● **TASK PROMPT**:
When the line containing "Nhiều hộ kinh" appears in the entries below, begin printing there and stop after the line containing "ADIDAS BARREDA DECODE"; print each of those lines exactly and no other line.

Scraped caption text data
---------------

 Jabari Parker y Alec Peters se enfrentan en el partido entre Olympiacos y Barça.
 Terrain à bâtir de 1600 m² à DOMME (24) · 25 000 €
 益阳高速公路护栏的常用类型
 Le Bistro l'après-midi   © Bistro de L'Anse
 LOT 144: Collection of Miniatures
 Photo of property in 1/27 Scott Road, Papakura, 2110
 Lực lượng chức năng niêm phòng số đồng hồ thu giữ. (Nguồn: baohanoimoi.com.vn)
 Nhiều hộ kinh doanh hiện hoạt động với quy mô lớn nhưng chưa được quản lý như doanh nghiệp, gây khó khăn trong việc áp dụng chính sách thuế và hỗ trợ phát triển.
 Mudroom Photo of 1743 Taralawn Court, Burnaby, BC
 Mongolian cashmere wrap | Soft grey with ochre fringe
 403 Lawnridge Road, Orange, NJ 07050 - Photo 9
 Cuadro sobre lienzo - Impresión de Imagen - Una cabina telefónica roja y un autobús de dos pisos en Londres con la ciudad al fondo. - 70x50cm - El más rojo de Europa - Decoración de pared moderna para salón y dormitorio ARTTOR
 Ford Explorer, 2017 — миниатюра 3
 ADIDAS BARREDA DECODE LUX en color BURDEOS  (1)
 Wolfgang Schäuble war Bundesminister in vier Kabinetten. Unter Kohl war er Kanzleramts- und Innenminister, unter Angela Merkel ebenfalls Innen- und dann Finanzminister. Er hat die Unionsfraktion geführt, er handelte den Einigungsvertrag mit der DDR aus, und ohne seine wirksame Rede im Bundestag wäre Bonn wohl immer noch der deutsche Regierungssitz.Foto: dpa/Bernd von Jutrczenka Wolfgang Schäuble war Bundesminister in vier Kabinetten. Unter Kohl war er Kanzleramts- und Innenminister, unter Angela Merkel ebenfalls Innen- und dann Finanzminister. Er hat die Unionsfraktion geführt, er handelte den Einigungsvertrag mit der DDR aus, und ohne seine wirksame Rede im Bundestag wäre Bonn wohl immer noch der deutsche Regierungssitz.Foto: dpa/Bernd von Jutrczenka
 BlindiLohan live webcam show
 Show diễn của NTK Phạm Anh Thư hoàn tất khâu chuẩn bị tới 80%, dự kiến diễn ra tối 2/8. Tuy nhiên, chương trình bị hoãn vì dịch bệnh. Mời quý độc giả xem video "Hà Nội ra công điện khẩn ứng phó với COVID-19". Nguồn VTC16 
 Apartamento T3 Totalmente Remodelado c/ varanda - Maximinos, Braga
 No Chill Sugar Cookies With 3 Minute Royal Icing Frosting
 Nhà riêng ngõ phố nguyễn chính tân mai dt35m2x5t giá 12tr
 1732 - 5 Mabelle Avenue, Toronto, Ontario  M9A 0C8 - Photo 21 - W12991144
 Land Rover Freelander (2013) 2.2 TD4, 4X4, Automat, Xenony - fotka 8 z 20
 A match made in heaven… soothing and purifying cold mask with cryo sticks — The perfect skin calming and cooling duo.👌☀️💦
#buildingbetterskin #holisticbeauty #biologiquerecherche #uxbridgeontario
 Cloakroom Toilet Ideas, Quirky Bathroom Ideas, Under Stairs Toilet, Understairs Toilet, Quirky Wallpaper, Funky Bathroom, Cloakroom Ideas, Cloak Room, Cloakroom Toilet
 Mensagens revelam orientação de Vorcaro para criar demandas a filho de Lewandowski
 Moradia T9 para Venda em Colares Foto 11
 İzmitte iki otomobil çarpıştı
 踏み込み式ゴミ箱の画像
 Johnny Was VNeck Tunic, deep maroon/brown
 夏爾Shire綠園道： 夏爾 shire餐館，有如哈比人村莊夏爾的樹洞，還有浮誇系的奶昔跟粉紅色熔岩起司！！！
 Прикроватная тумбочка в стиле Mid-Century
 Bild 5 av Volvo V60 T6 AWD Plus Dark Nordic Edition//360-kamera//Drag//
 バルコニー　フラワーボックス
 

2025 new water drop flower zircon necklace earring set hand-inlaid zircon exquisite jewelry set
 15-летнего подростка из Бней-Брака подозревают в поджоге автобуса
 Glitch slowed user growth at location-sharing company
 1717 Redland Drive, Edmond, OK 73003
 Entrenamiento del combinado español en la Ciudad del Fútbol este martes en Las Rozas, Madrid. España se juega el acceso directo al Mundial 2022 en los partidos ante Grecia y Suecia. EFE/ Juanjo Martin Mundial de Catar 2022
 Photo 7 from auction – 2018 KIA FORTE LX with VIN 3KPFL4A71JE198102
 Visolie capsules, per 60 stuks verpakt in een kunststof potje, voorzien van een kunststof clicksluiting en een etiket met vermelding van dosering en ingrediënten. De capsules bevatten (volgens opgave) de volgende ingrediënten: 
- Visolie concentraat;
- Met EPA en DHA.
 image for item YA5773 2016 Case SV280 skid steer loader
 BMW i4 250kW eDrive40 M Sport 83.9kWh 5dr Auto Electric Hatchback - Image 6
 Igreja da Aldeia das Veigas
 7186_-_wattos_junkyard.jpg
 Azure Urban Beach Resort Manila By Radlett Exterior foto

---------------

● **RESPONSE AREA**:
 Nhiều hộ kinh doanh hiện hoạt động với quy mô lớn nhưng chưa được quản lý như doanh nghiệp, gây khó khăn trong việc áp dụng chính sách thuế và hỗ trợ phát triển.
 Mudroom Photo of 1743 Taralawn Court, Burnaby, BC
 Mongolian cashmere wrap | Soft grey with ochre fringe
 403 Lawnridge Road, Orange, NJ 07050 - Photo 9
 Cuadro sobre lienzo - Impresión de Imagen - Una cabina telefónica roja y un autobús de dos pisos en Londres con la ciudad al fondo. - 70x50cm - El más rojo de Europa - Decoración de pared moderna para salón y dormitorio ARTTOR
 Ford Explorer, 2017 — миниатюра 3
 ADIDAS BARREDA DECODE LUX en color BURDEOS  (1)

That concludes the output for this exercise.